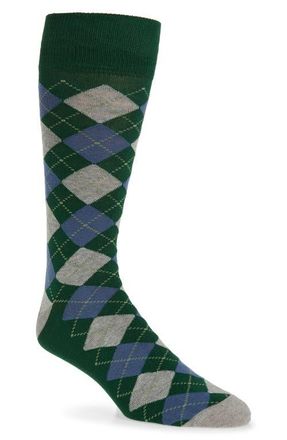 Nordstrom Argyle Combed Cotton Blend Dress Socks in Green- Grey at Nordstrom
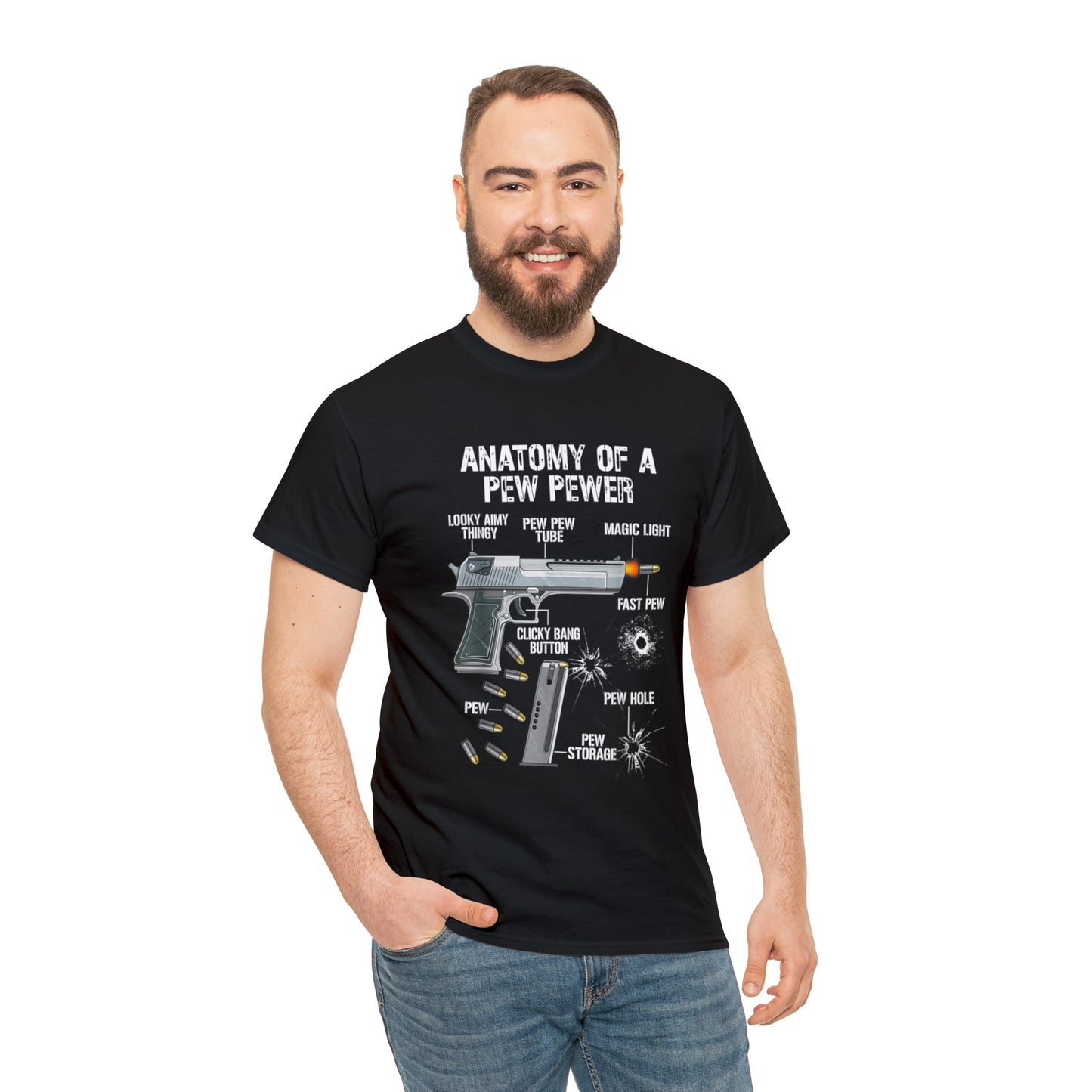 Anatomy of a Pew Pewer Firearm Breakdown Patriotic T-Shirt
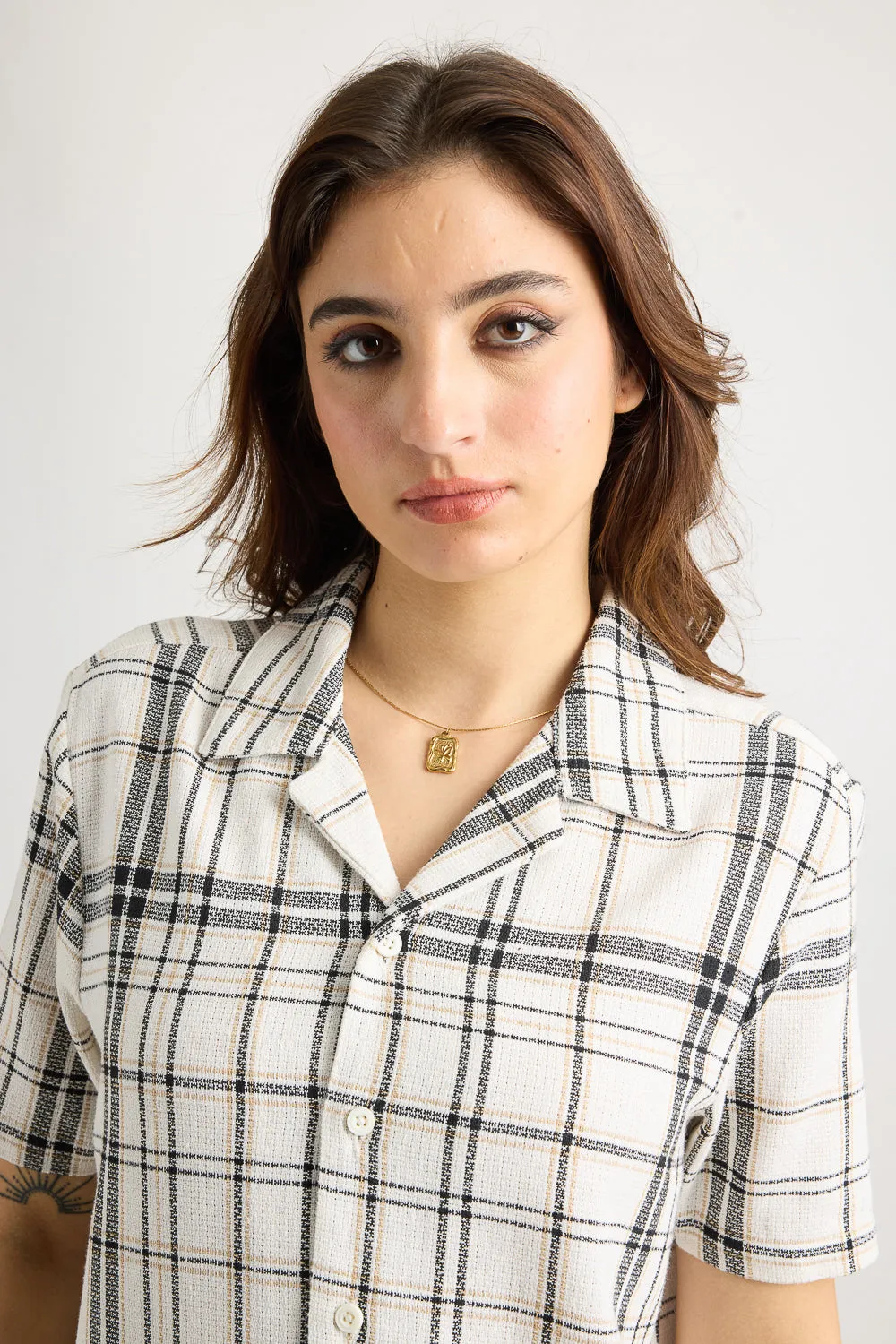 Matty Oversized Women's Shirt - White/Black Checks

▶ [DESCRIPTION OF THE TASK]: Repeat the data in full, exactly as it stands, but drop every picture.

▶ [PROBLEM SOLUTION]:
 Nordstrom Argyle Combed Cotton Blend Dress Socks in Green- Grey at Nordstrom
 Anatomy of a Pew Pewer Firearm Breakdown Patriotic T-Shirt
 Matty Oversized Women's Shirt - White/Black Checks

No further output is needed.